An interview was requested with Registered Nurse (RN) #3 who was unavailable for interview.
An interview was requested with Nursing Assistant #4 who was unavailable for interview.
An interview was requested with Nursing Assistant #5 who was unavailable for interview.
Interview on 10/28/2021 at 1320 with a WOC nurse (RN #6) revealed a wound ostomy consult was ordered on 10/18/2020 for evaluation and treatment of Patient #7's "sacral lesion." Interview revealed RN #6 assessed Patient #7 on 10/20/2020 (the day prior to discharge).
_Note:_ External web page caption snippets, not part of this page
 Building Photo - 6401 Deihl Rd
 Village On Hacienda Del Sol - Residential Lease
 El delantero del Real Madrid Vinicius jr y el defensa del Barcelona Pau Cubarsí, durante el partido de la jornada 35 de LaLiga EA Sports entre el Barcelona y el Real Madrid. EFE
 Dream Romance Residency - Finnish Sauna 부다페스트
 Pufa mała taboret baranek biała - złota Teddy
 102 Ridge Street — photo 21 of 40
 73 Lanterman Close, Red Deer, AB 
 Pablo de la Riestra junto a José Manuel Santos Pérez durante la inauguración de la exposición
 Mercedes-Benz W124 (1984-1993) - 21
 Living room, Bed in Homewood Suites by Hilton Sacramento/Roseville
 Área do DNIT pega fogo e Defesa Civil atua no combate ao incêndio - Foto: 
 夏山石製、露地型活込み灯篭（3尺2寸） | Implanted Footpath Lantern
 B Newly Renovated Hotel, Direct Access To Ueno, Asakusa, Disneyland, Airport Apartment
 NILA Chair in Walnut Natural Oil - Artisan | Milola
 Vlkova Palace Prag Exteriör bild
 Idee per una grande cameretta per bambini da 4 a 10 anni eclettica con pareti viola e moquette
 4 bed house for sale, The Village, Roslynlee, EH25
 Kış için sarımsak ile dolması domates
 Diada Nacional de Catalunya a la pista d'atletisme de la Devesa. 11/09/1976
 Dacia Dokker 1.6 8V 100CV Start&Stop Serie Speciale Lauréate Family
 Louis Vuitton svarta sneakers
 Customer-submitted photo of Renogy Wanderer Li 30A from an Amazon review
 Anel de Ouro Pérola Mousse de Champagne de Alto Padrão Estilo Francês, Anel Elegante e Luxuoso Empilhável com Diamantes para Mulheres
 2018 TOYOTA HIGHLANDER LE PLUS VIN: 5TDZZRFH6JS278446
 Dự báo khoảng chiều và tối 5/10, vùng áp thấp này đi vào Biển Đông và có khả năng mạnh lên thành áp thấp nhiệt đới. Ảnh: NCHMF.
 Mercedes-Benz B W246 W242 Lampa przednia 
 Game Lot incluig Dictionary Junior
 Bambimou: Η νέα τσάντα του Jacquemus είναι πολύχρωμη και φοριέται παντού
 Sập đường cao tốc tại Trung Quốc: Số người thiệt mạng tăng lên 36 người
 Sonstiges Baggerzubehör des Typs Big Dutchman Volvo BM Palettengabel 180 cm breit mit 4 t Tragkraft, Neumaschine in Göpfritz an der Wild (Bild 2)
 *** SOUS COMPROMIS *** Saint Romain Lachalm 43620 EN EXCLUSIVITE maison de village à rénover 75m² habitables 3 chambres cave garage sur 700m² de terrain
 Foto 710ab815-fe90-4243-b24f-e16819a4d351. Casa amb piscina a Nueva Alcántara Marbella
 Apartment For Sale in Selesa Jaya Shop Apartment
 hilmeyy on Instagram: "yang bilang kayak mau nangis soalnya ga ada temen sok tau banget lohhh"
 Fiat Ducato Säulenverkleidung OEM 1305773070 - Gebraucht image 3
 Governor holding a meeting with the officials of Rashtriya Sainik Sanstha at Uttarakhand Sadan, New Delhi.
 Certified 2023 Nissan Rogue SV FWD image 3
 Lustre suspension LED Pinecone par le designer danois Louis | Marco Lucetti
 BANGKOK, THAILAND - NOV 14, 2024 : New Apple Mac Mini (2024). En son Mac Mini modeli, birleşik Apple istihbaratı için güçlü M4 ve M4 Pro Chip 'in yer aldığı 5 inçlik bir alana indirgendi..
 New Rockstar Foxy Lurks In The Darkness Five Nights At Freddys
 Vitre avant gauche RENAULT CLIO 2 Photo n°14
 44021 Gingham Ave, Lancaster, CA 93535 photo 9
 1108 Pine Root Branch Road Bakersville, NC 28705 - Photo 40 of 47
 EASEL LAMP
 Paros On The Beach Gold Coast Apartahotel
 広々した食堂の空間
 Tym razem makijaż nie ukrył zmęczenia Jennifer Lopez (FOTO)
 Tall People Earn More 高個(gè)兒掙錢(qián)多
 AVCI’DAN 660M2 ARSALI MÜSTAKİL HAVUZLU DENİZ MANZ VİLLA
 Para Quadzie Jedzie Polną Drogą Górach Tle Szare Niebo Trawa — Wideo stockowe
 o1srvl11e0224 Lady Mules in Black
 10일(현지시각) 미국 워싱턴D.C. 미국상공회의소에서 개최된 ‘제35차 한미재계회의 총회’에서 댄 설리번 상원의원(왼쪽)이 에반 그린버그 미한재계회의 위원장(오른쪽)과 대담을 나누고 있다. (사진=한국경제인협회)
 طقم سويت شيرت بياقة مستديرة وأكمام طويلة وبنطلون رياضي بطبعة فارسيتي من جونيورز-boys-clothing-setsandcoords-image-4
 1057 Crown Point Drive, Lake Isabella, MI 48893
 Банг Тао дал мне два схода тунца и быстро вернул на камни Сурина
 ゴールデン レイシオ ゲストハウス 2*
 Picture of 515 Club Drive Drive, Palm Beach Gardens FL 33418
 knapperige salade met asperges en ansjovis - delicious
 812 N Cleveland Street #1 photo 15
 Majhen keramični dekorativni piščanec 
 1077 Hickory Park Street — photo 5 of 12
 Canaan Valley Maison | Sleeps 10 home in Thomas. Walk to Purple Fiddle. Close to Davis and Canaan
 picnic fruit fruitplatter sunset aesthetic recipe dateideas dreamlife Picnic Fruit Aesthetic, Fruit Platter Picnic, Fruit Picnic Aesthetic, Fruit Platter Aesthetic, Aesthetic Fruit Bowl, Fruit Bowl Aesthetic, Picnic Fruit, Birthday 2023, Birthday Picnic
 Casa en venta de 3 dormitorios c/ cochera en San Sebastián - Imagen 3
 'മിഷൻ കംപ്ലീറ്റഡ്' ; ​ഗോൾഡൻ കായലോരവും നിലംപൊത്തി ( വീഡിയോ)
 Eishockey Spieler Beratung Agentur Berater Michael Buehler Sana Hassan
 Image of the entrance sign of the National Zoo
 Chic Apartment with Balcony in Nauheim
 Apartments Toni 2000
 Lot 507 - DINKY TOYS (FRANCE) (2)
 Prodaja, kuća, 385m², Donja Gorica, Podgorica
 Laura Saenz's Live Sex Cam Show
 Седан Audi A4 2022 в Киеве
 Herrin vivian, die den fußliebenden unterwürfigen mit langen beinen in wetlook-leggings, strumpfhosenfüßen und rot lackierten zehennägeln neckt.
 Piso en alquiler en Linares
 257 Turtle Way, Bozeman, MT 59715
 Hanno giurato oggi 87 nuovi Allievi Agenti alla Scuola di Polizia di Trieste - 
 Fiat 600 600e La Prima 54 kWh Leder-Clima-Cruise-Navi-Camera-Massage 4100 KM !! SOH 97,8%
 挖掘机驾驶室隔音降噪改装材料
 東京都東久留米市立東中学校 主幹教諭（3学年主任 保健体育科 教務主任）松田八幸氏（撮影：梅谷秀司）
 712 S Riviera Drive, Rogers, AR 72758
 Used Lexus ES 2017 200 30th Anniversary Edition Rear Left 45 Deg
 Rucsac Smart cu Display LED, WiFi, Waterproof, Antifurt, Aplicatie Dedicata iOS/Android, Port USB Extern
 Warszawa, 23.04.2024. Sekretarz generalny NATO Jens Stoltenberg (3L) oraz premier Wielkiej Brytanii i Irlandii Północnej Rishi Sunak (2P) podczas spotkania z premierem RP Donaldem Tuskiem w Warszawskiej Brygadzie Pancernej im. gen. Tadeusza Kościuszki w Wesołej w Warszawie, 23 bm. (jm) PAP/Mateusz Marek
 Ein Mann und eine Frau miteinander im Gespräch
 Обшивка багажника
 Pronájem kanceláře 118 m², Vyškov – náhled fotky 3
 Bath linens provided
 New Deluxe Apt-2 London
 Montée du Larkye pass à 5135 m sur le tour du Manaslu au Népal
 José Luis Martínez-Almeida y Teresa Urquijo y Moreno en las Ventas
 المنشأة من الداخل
Interview revealed on assessment, Patient #7 had deep tissue pressure injuries to the coccyx, the left heel and the right heel. Interview revealed on assessment, Patient #7 was not on a low air loss bed and did not have wedges or heel lift boots which were used to help prevent pressure wounds. Interview revealed based on the nursing documentation, the staff assisted Patient #7 with turning and repositioning, but it was inconsistent. Interview revealed a WOC consult should have been made sooner.
Interview on 10/28/2021 at 1145 with the current 4th floor nurse manager (RN#8) revealed based on review of Patient #7's medical record, there were some gaps in the documentation of hourly rounding and interventions to prevent pressure ulcers. Interview revealed there was no documentation to support the staff's interventions to protect Patient #7's heels from pressure wounds. Interview revealed based on Patient #7's braden scores, the nursing staff would have been expected to implement the pressure injury prevention interventions per policy.